About this exercise: The records below need retyping in full; give them again exactly.

Listed entries:
-------

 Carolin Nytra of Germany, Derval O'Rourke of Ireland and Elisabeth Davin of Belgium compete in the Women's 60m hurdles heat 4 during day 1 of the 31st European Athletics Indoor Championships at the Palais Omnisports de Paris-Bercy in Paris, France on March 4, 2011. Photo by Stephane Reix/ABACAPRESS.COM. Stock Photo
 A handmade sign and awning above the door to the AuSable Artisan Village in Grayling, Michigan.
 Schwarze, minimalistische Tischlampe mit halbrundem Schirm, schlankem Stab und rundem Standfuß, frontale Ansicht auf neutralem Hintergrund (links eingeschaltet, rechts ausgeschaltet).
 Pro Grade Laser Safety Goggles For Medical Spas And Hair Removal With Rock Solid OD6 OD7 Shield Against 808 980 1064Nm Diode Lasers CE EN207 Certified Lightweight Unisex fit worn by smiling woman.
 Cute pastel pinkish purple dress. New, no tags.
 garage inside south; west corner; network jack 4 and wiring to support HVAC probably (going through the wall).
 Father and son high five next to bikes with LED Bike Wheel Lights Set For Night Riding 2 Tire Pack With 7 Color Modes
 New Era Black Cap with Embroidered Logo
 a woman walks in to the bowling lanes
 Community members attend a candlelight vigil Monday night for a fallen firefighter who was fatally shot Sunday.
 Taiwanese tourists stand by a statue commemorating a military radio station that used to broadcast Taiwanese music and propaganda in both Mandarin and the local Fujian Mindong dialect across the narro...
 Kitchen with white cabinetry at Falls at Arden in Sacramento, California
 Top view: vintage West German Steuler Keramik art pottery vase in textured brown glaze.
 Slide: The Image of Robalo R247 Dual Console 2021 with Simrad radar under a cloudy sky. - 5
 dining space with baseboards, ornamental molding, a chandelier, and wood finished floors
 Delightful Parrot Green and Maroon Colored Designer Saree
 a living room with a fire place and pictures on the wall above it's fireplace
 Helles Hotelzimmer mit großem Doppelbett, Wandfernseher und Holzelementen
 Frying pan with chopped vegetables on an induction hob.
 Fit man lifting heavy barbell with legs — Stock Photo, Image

-------

Task solution:
 Carolin Nytra of Germany, Derval O'Rourke of Ireland and Elisabeth Davin of Belgium compete in the Women's 60m hurdles heat 4 during day 1 of the 31st European Athletics Indoor Championships at the Palais Omnisports de Paris-Bercy in Paris, France on March 4, 2011. Photo by Stephane Reix/ABACAPRESS.COM. Stock Photo
 A handmade sign and awning above the door to the AuSable Artisan Village in Grayling, Michigan.
 Schwarze, minimalistische Tischlampe mit halbrundem Schirm, schlankem Stab und rundem Standfuß, frontale Ansicht auf neutralem Hintergrund (links eingeschaltet, rechts ausgeschaltet).
 Pro Grade Laser Safety Goggles For Medical Spas And Hair Removal With Rock Solid OD6 OD7 Shield Against 808 980 1064Nm Diode Lasers CE EN207 Certified Lightweight Unisex fit worn by smiling woman.
 Cute pastel pinkish purple dress. New, no tags.
 garage inside south; west corner; network jack 4 and wiring to support HVAC probably (going through the wall).
 Father and son high five next to bikes with LED Bike Wheel Lights Set For Night Riding 2 Tire Pack With 7 Color Modes
 New Era Black Cap with Embroidered Logo
 a woman walks in to the bowling lanes
 Community members attend a candlelight vigil Monday night for a fallen firefighter who was fatally shot Sunday.
 Taiwanese tourists stand by a statue commemorating a military radio station that used to broadcast Taiwanese music and propaganda in both Mandarin and the local Fujian Mindong dialect across the narro...
 Kitchen with white cabinetry at Falls at Arden in Sacramento, California
 Top view: vintage West German Steuler Keramik art pottery vase in textured brown glaze.
 Slide: The Image of Robalo R247 Dual Console 2021 with Simrad radar under a cloudy sky. - 5
 dining space with baseboards, ornamental molding, a chandelier, and wood finished floors
 Delightful Parrot Green and Maroon Colored Designer Saree
 a living room with a fire place and pictures on the wall above it's fireplace
 Helles Hotelzimmer mit großem Doppelbett, Wandfernseher und Holzelementen
 Frying pan with chopped vegetables on an induction hob.
 Fit man lifting heavy barbell with legs — Stock Photo, Image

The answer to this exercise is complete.